When people looked at the stiff early versions of avatars and considered ways to make them more life-like, generally they came to the conclusion that they were lacking emotions. Users should be allowed to express emotions in order to liven up the interaction. Naturally we associate the display of emotions to being human and the way we relate to our environment and other people. As repeatedly emphasized throughout a book on Disney animation, written by professional animators (Thomas and Johnson 1981), rich and appropriate emotional display is essential for the illusion of life.

However, lively emotional expression in interaction is in vain if mechanisms for establishing and maintaining mutual focus and attention are not in place (Thorisson and Cassell 1996). A sole person standing on a street corner, staring fixedly at a nearby wall and sporting a broad smile will be lucky if people other than suspicious officers dare to approach. We tend to take communicative behaviors such as gaze and head movements for granted, as their spontaneous nature and non-voluntary fluid execution makes them easy to overlook when recalling a previous encounter (Cassell, forthcoming). This is a serious oversight when creating avatars or humanoid agents since emotion displays do not account for the majority of displays that occur in a human to human interaction (Chovil 1992).

User tracking

Many believe that employing trackers to map certain key parts of the user’s body or face onto the graphical representation will solve the problem of having to explicitly control the avatar’s every move. As the user moves, the avatar imitates the motion.

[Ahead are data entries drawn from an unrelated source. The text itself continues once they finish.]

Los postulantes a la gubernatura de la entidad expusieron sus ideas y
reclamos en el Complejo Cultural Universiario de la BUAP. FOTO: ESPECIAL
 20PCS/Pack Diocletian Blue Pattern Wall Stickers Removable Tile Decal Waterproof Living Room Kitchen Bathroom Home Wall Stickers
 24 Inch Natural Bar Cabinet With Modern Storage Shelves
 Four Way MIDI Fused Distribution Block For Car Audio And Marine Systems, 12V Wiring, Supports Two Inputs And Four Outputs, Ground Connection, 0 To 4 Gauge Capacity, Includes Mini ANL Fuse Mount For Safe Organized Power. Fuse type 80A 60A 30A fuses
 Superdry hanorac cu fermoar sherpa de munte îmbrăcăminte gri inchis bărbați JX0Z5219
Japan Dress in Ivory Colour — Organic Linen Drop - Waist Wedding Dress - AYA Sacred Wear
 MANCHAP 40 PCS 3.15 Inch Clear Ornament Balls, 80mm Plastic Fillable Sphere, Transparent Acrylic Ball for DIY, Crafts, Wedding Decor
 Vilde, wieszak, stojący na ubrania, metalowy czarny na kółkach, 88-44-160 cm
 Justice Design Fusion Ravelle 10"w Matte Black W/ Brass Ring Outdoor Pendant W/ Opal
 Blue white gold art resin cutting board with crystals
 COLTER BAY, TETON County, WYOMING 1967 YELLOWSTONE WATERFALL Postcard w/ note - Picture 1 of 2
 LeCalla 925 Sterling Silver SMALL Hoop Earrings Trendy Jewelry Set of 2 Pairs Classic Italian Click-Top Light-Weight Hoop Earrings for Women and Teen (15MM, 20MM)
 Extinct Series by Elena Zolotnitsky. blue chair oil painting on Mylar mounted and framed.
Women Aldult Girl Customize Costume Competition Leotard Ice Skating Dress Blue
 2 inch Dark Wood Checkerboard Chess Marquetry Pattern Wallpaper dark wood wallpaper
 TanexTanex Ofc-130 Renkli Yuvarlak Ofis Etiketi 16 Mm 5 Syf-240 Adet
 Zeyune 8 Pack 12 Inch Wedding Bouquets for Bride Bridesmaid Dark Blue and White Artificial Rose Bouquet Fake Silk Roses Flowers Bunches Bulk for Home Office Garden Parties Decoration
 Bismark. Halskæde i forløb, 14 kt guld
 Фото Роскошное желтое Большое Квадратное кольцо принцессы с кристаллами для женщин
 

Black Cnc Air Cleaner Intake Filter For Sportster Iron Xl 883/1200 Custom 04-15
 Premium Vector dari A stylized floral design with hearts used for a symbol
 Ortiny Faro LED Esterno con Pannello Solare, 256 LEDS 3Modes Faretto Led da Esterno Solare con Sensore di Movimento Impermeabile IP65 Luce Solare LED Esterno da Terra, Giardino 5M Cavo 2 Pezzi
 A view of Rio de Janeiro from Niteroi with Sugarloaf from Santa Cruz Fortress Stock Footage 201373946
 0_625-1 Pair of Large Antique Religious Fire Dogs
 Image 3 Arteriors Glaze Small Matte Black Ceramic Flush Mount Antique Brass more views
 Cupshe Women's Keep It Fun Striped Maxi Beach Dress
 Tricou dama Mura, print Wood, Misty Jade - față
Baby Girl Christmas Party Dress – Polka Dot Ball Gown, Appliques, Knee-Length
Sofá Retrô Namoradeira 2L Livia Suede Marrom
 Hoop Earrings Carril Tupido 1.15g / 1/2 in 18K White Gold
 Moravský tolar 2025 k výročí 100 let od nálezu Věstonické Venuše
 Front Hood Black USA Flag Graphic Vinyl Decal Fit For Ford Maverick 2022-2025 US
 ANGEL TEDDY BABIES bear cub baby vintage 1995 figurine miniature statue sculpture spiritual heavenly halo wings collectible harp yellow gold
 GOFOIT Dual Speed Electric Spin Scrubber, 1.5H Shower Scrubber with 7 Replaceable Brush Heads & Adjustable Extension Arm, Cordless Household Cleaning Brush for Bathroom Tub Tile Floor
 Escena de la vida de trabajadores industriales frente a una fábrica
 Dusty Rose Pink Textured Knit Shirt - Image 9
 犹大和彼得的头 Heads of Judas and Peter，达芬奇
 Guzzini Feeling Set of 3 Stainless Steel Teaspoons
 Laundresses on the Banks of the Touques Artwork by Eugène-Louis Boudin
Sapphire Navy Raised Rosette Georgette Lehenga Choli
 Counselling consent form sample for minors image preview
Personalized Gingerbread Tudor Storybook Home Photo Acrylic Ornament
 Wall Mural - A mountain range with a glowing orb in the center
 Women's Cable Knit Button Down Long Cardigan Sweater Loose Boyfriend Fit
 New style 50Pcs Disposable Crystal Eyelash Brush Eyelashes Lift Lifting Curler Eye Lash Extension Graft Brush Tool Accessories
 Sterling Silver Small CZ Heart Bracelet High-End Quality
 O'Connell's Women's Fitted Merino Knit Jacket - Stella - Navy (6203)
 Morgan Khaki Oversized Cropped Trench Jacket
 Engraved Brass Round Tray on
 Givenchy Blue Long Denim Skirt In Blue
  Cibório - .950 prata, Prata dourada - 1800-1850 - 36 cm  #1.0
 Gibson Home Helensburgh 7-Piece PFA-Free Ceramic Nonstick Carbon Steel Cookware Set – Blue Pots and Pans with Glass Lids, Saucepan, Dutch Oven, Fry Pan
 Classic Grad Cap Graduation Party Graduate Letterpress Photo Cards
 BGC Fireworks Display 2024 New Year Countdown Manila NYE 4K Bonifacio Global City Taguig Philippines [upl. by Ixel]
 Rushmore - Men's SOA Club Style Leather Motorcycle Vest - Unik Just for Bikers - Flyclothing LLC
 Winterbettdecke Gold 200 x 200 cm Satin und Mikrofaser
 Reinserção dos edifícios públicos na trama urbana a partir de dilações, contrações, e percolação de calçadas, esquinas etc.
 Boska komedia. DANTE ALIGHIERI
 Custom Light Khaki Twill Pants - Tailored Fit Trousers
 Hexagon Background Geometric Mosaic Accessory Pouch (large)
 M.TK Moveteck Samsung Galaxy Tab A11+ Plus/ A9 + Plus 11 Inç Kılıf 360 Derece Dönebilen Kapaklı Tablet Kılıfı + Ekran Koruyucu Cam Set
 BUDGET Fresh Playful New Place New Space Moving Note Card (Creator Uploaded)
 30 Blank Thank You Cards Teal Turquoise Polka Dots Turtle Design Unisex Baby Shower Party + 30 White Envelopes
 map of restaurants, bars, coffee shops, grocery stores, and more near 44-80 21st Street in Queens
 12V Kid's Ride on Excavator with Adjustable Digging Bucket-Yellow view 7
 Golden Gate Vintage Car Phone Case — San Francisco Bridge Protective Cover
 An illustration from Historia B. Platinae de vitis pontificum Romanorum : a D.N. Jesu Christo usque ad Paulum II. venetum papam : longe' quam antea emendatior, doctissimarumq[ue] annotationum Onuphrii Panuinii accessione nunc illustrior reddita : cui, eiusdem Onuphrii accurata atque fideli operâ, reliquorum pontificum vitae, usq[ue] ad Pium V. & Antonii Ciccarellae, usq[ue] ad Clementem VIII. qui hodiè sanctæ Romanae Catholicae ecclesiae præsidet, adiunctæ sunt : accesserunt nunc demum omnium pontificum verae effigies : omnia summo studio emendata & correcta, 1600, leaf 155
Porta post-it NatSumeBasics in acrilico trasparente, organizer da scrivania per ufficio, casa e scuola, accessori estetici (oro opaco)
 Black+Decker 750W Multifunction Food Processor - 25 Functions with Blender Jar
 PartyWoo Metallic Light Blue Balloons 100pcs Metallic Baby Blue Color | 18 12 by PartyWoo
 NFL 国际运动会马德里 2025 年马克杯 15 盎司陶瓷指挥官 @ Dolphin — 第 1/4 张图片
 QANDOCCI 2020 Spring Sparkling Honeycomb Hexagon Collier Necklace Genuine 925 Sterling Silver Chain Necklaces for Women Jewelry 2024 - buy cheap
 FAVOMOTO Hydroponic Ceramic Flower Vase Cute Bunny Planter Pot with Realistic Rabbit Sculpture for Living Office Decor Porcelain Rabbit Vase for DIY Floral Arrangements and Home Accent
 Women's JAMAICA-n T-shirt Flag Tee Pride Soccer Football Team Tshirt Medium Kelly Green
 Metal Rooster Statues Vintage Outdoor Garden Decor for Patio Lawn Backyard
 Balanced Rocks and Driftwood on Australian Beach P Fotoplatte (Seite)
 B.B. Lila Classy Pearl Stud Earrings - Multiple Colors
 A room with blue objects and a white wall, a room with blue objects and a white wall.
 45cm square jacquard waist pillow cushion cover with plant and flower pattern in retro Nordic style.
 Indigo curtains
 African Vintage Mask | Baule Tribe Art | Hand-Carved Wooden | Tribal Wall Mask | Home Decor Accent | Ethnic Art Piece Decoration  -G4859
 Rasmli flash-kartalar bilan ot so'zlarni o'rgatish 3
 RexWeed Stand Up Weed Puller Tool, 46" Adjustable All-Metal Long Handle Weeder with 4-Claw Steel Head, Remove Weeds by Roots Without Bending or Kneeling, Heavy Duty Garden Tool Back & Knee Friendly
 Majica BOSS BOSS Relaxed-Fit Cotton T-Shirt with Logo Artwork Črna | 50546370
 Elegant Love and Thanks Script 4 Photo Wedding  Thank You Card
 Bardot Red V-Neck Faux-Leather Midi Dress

This approach, when used in a non-immersive setting, shares a classical problem with video conferencing: The user’s body resides in a space that is radically different from that of the avatar. This flaw becomes particularly apparent when multiple users try to interact, because the gaze pattern and orientation information gathered from a user looking at a monitor doesn’t map appropriately onto an avatar standing in a group of other avatars. Thus whereas tracking may be appropriate for Virtual Reality applications where head mounted displays are employed, it does not lend itself well to Desktop Virtual Environments.